La réduction du personnel, alors que le nombre de trains augmentait, a eu pour conséquence imprévue que le syndicat des conducteurs a réussi à augmenter considérablement les salaires de ses membres. Du coup les travailleurs moins qualifiés d'autres syndicats veulent des augmentations proportionnées, que les compagnies leur refusent. Il en a résulté plus de suppressions de trains du fait de grèves, ce qui a encore ajouté aux malheurs des pauvres pendulaires.

Le salaire n'est pas le seul motif de préoccupation des travailleurs. Dans l'entretien des voies et des signaux, les conséquences des réductions de personnel ont été aggravées par le remplacement d'un corps de professionnels formés, intégrés et expérimentés par une structure instable et gaspilleuse d'entreprises d'entretien sous contrats et de sous-traitants. La aussi, les chiffres sont contestés mais une estimation prudente basée sur le peu d'informations que les compagnies fournissent (la transparence, en particulier financière, a été une autre victime de la privatisation) aboutit à la conclusion que les entreprises d'entretien ont réduit leur personnel d'environ un tiers.

L'obsession du secret commercial chez les compagnies privatisées est telle que les travailleurs de l'entretien des voies et signaux, qui se faisaient autrefois une vertu de partager entre eux l'information, ont reçu l'ordre de ne rien communiquer aux employés des entreprises concurrentes. Railtrack a admis que "les relations concurrentielles" ont causé des problèmes. Le gouvernement Blair espère les résoudre grâce à une nouvelle Autorité Stratégique du Rail qui supervisera et tentera de coordonner la structure fragmentée. Il a annoncé également un nouveau plan d'investissement de 64 milliards £ sur dix ans. La moitié de la somme viendra du budget de l'Etat, ce qui signifie que si le plan se concrétise, la subvention publique au chemin de fer sera bientôt trois fois plus élevée qu'avant la privatisation. Railtrack s'estime injustement accablée de la responsabilité des échecs de la privatisation. Elle fait remarquer qu'elle a hérité d'années de négligence et que les dépenses en investissements d'infrastructure seront trois fois plus élevées durant l'année comptable en cours que durant la dernière année d'existence de British Rail Ses actionnaires menacent d'attaquer en justice la décision du gouvernement de liquider leur entreprise mais, comme ils ont encaissé de gros dividendes toutes ces dernières années, ils recueillent peu de sympathie de la part du public.
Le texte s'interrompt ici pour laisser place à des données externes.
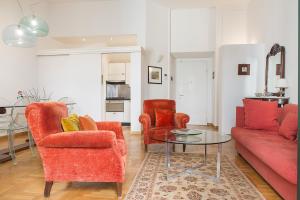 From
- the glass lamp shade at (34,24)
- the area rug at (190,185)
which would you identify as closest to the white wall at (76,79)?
the glass lamp shade at (34,24)

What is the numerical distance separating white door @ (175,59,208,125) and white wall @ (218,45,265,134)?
191 centimetres

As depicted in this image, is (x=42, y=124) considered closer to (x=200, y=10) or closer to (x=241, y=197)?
(x=241, y=197)

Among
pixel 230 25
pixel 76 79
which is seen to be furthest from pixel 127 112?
pixel 230 25

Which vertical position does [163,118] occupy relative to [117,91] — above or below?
below

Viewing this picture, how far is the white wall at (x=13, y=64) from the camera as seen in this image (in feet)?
15.9

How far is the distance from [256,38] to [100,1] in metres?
4.21

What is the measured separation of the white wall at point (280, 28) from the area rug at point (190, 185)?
6.11 ft

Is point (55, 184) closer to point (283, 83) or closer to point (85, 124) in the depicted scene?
point (85, 124)

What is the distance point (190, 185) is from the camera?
2.41m

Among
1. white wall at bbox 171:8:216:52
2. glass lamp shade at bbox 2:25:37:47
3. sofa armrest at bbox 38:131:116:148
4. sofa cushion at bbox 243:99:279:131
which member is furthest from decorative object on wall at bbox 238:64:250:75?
glass lamp shade at bbox 2:25:37:47

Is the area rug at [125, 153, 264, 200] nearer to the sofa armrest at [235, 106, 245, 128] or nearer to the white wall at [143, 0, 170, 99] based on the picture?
the sofa armrest at [235, 106, 245, 128]

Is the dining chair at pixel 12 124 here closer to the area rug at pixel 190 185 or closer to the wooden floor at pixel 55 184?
the wooden floor at pixel 55 184

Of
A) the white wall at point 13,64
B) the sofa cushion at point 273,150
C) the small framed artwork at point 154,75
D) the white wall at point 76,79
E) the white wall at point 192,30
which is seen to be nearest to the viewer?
the sofa cushion at point 273,150

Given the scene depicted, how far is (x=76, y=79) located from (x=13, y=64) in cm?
144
L'intérêt du public se focalise plutôt sur la question de savoir ce qui va remplacer Railtrack. Les sondages d'opinion révèlent de larges majorités en faveur d'une renationalisation de tout le système. Mais le plus probable, c'est que le gouvernement rétablisse "l'interface roues-rail" en instituant une nouvelle entreprise de gestion des infrastructures qui sera peut-être une institution sans but lucratif dont la propriété serait largement dans les mains des TOC. Quoi qu'il en soit et quel qu'en soit le résultat, il y a quelques autres problèmes plus difficiles à résoudre.

La nouvelle culture de l'argent sur le rail

Une idée-clé qui avait présidé à la fragmentation et à la privatisation du système, c'est que les mécanismes du marché garantissent une transmission de l'information plus efficace que des bureaucraties hiérarchiques. On en attendait un système plus efficace.
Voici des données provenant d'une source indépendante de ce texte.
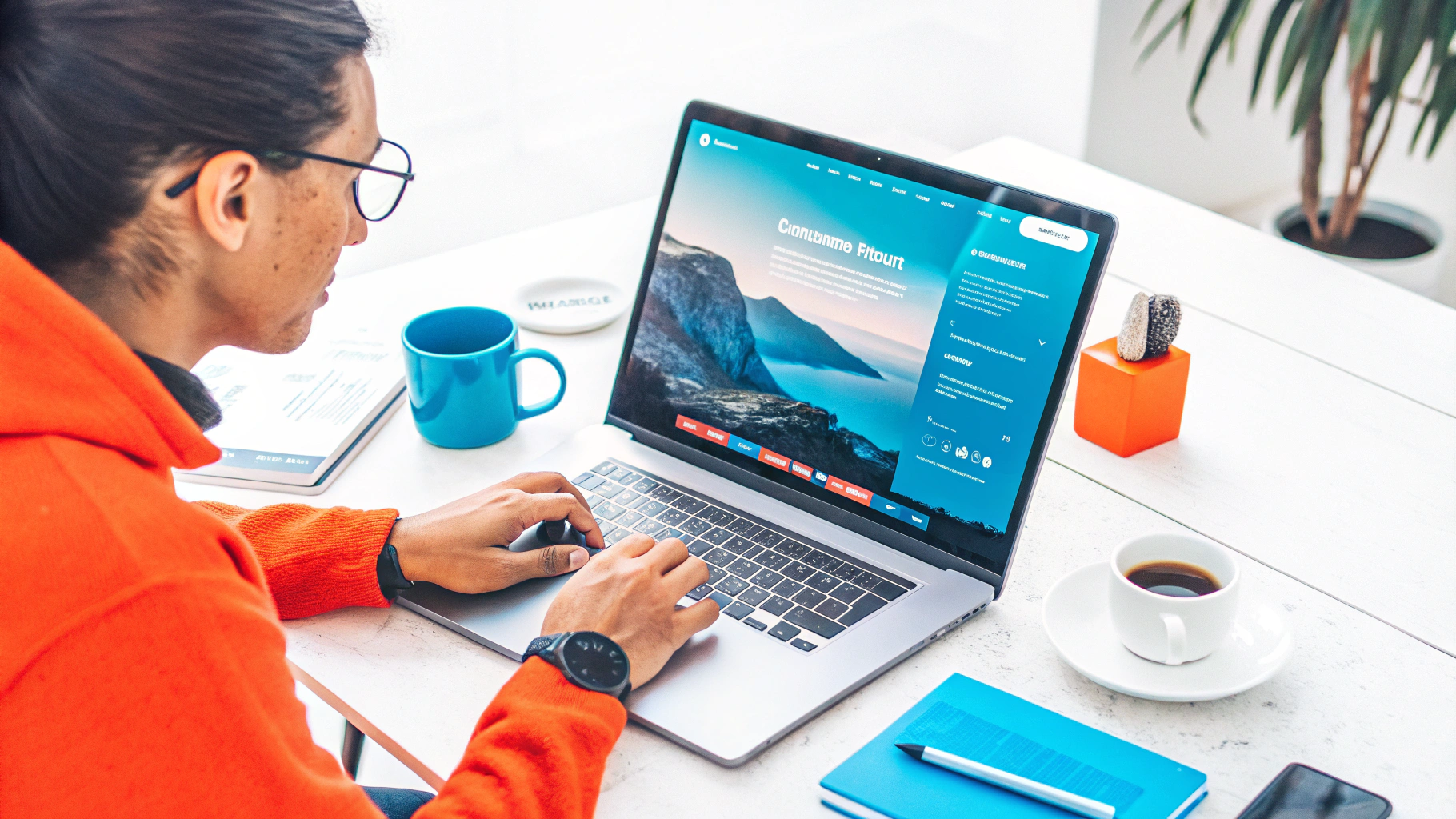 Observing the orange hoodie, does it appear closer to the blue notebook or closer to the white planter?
the blue notebook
La leçon de l'expérience démontre que la cohérence du réseau ferroviaire en tant que système de savoir-faire a été détruite, et non pas renforcée. "Le chemin de fer était traditionnellement organisé sur une base logique, géographique, avec une structure de gestion hiérarchique dans laquelle chacun connaissait sa responsabilité" conclut le consultant indépendant en sécurité du rail Peter Raynes. "Il y avait un seul règlement et un seul horaire. Ils portaient la signature du directeur responsable et tout le monde les appliquait. C'était une hiérarchie servile en uniforme, peut-être un peu démodée, mais imprégnée du souci de la sécurité".
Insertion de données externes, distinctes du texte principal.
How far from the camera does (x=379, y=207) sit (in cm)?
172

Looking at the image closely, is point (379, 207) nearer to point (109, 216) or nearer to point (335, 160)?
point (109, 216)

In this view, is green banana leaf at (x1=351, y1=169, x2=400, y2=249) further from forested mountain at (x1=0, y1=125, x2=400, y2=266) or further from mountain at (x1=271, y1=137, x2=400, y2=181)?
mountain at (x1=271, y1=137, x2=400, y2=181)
"Un peu démodée" est un euphémisme, pour le moins. Les performances de British Rail symbolisaient les défauts et les qualités du modèle bureaucratique de gestion du service public et fournissaient la matière d'innombrables plaisanteries éculées. Mais les effets de la privatisation ne sont pas drôles. Les gens en Grande-Bretagne n'avaient aucune idée, avant que leur réseau ferroviaire ne soit fragmenté et privatisé, de combien un service public peut être enrageant et dangereux.

Peter Raynes, lui-même ancien directeur d'exploitation de British Rail, explique qu'avant la privatisation "quand un accident survenait, tout le monde était motivé à découvrir sa cause afin d'en prévenir la répétition. Le personnel, les délégués syndicaux et les directeurs de British Rail travaillaient tous vers ce but. Sur le site de l'accident, il n'y avait pas d'incertitude qui commandait et pas de retard pour dégager la voie. Au fil des années, les leçons étaient tirées de chaque accident. Chaque nouvel accident était l'occasion d'une amélioration de l'équipement ou des procédures."

La privatisation a changé l'éthique du chemin de fer britannique et a miné ces processus de dissémination verticale et horizontale de l'information et de l'expérience. Une des raisons, c'est que l"interface roues-rail" a été coupée en séparant la responsabilité de l'infrastructure de celle de l'exploitation des trains. Mais les quelque 100 entreprises issues officiellement de la fragmentation ne sont que la pointe de l'iceberg. Au dessous, le système privatisé d'entretien repose sur des couches et des couches de sous-traitants. Chacun fait de l'argent en sous-traitant à un autre au-dessous de lui jusqu'à ce que, à la base, c'est-à-dire là où le travail est réalisé et où le plus grand sérieux serait nécessaire, la tâche soit parcellisée et réalisée de manière indifférente et désinvolte. Alors que, formellement, la structure privatisée connaît une seule entreprise responsable d'entretenir et d'améliorer le réseau de voies, celle-ci sous-traite à des douzaines d'autres qui sous-traitent à d'autres encore. Il y a ainsi en réalité plus de 2000 entreprises impliquées, sans compter les travailleurs à leur compte, encore plus bas dans la hiérarchie.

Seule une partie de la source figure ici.